Bundled sage for energy clearing

One evening this week, my friend Katherine was visiting and she found this bundle of dried sage on my kitchen counter. This dried sage is for energy clearing. You set the thing on fire then blow it out and the bundle smolders making all of this wonderful smoke. You can then poke the smoky bundle into open doors, drawers and cupboards and wave it around doorways and windows clearing out any stagnant energy. This kind of thing is right up my alley. And I’m here to tell you, it makes a huge difference in how my house feels.

Katherine already knew all of this because I had given her her own sage when she moved into her new house. She hasn’t yet used it so I told her about the most recent sage-ing ceremony I had, thinking it might inspire her.

One afternoon, Dave and I were home alone together and I decided it was time. We opened all the doors, windows and drawers and then lit the sage. I held the bundle as we went through the girls’ rooms, but then I got a little obsessed with wiping down the dirty door frames so Dave willingly took over and continued down the hall and into the back of the house, whisps of smoke trailing behind him. When I came out of my cleaning trance, I walked into the living room to find Dave dancing around lifting his knees and elbows like a kokopelli. He was wielding sage in one hand and playing a renaissance festival bamboo flute with his other. It was awesome and hilarious. He was really into this sage-ing business, I could tell.


Katherine and I laughed about the story then went on to have a really fun night together.

I got a call from Katherine the next day and she said she was really touched by the story of the sage ceremony. She had shared it with a couple of people during the day and she wanted to tell me why.  She said that it was an example of so many things going really right in my relationship. I didn’t have too many expectations that the sage-thing go a particular way and Dave was open to this kooky plan and he was willing to participate in it with me. In the end we had this really fun and sweet time together. A time that might not have been possible if we weren’t both willing to turn towards each other and stay open to the variety of experience that each of us brought.

I was so touched that she had given this so much thought and that she took the time to share this with me. I felt appreciated and seen and loved by Katherine, and there’s not much better than receiving that gift from a dear friend. Her story also gave me an opportunity to reflect on and to appreciate where Dave and I are in our relationship. Katherine has known us for years. She’s seen us through the early days, our traumatic break up and subsequent separation. She’s been a part of our lives as we cautiously dated, repaired what seemed too broken, and eventually got back together. Dave and I have always had funny, happy moments, but there was a time when they weren’t so easy and pure. An adversarial undercurrent was always there.  Now, I’m freed of that feeling and these happy, funny moments happen all of the time– Easy. Loving.

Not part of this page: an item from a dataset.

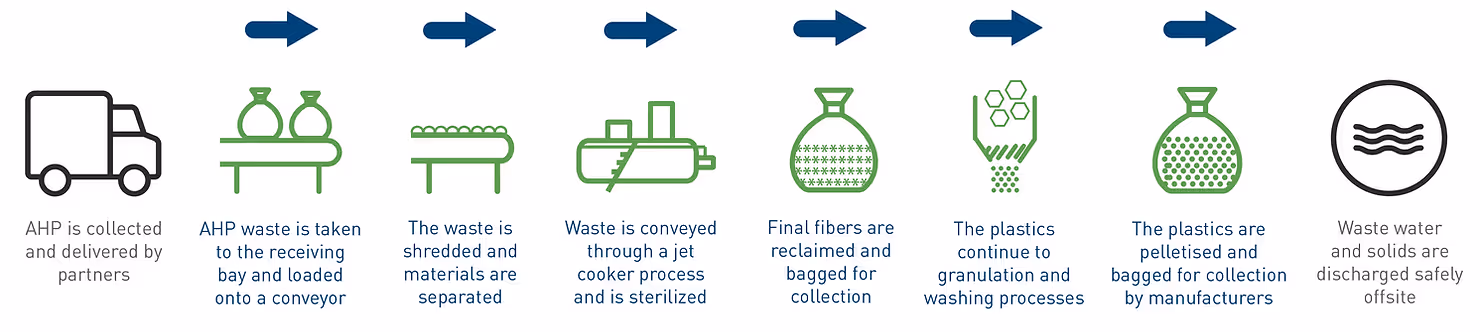 process diagram of how waste is converted into a new product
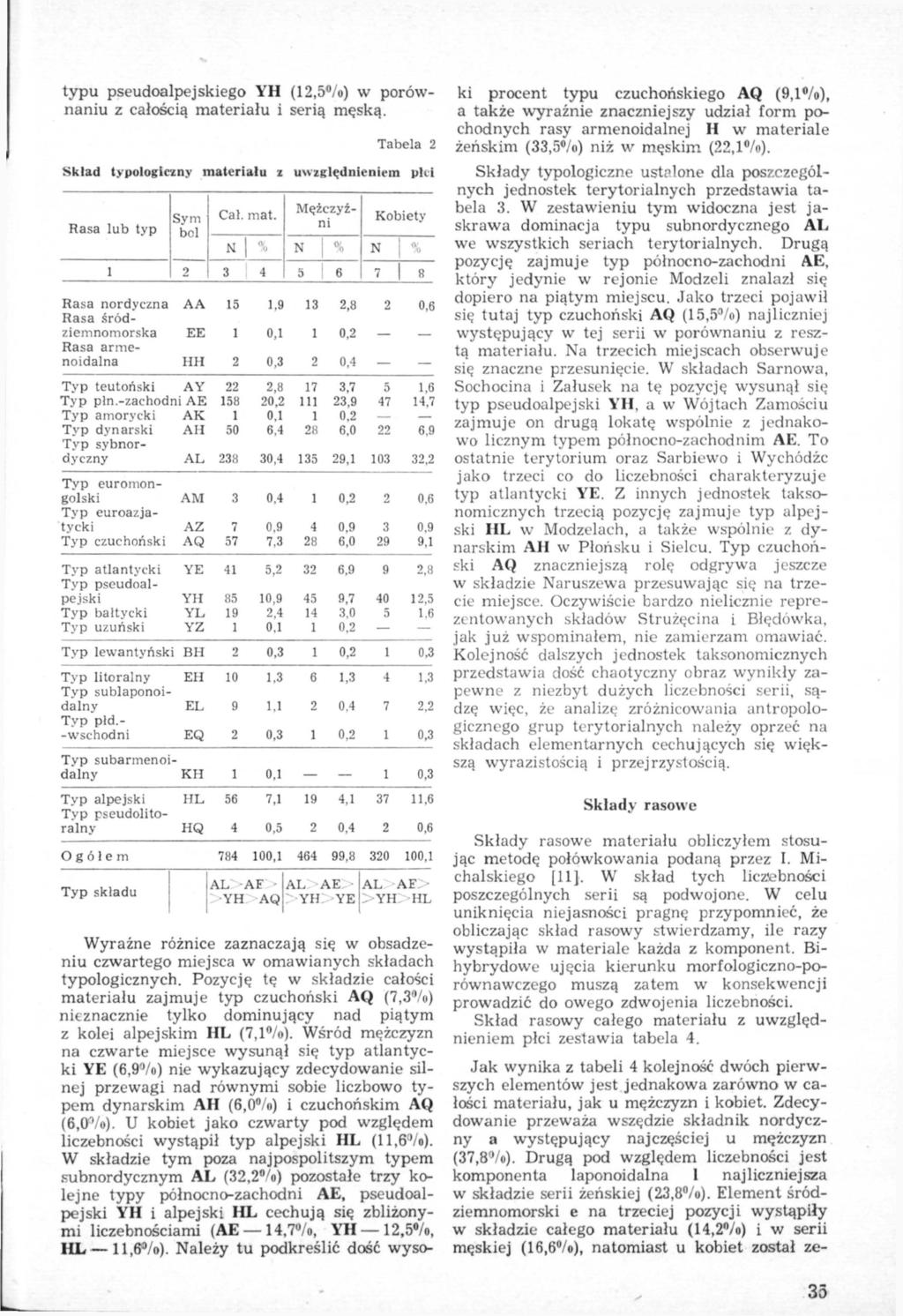 typu pseudoalpejskiego YH (2,5%) w porównaniu z całością mate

Pure.

On the phone with Katherine, listening to her retell my story, I had an opportunity and the time to swim around in this realization of how things have changed in my relationship and to appreciate it. She acknowledged it with me in a way that showed me that she was seeing me and that by seeing me she was able to see something in herself. And it all feels so wonderfully human and connecting –to know someone really well and to still love them, a friend, a partner, your friend’s partner. It’s something really special to appreciate all that we are and all that we’ve been through, to witness each other changing and to believe in it. It’s so hopeful. My friend helped bring all of this to the surface in a way it usually isn’t there for me. And it tasted so sweet.


Here’s to more of this sweetness in each of our lives in the upcoming year. Welcome 2016.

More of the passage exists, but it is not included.